If the stressed business executive and housewife-filled ‘chill-out’ market grew a soul, ears and, crucially, some taste in music, Boards of Canada would be the biggest band in Britain.
As it is, the enigmatic Scottish duo continue to be one of the UK’s most criminally underrated acts, preferring to build up a huge cult following with their fantastically textured ambient electronica/hip-hop crossbreed.
Four years on from stunning debut ‘Music Has The Right To Children’’, the Boards may have whetted taste buds with flawless EP, ‘In A Beautiful Place Out In The Country’, but the follow-up proper, ‘Geogaddi’, has been a long time coming.
Like renewing acquaintances with a long-lost friend, it’s great to hear them again and thankfully nothing much has changed; the majority of the album is undeniably *BOC *but not quite like anything they’ve done before.

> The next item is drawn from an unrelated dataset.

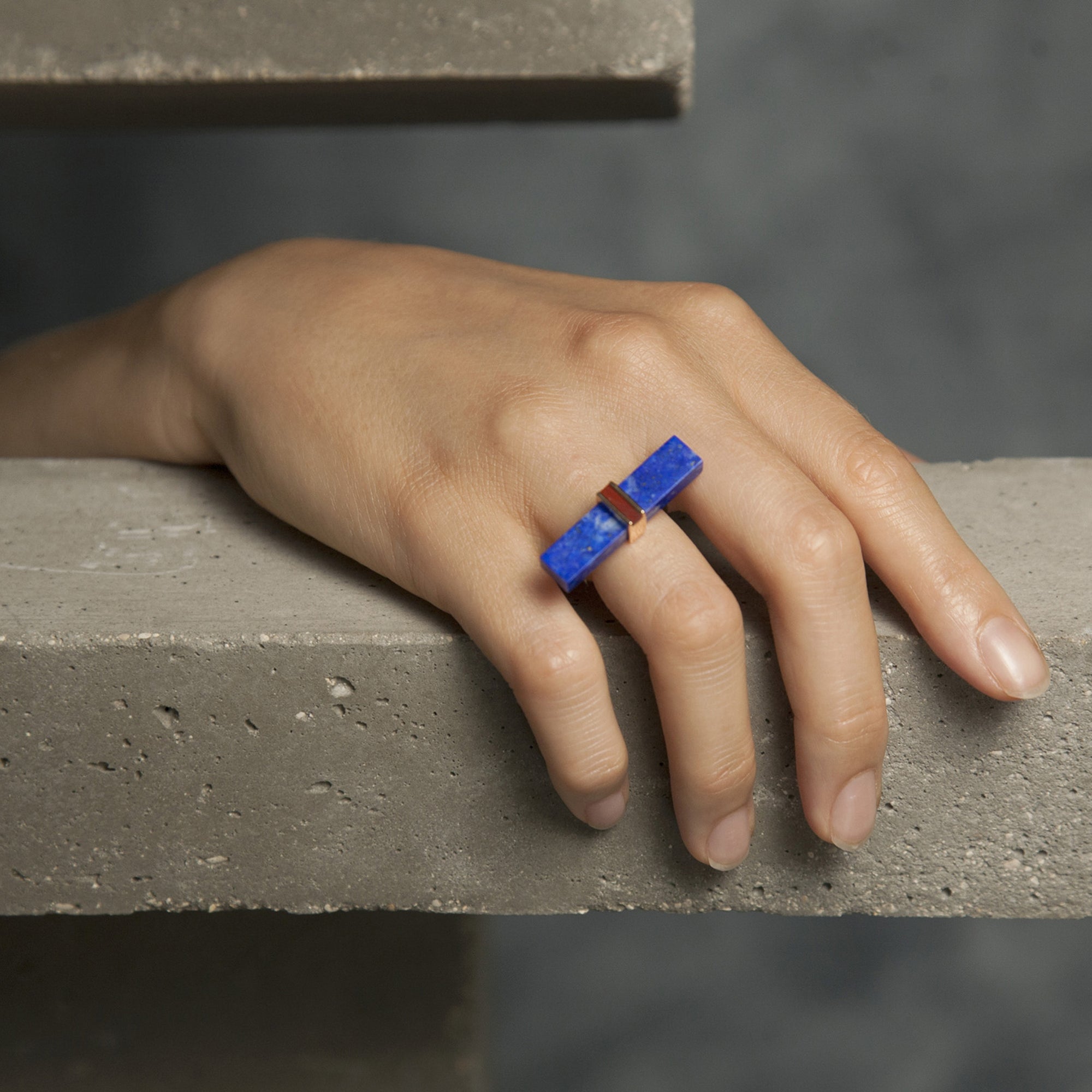 Bague Noeud en or rose et lapis-lazuli portée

Patented samples of children’s voices are the main running theme carried over from their first LP, echoed by the *kaleidoscope kid *images and deliciously warped photography in the album’s lush accompanying artwork. Swirls and synths also remain present, while the songwriting quality – something all too often forgotten by many electronica artists – is memorable. And with 23 tracks, the choice is mammoth.
In another dimension, the vocoder chant of ‘1969’ would be on every music television channel and radio station in the world. Throw in some Autechre-like crunches on ‘Gyroscope’, plus such room-engulfing mythological treats as ‘Sunshine Recorder’, ‘Alpha And Omega’ and ‘Music Is Math’, and even for new converts it’ll feel as if the Boards have never been away.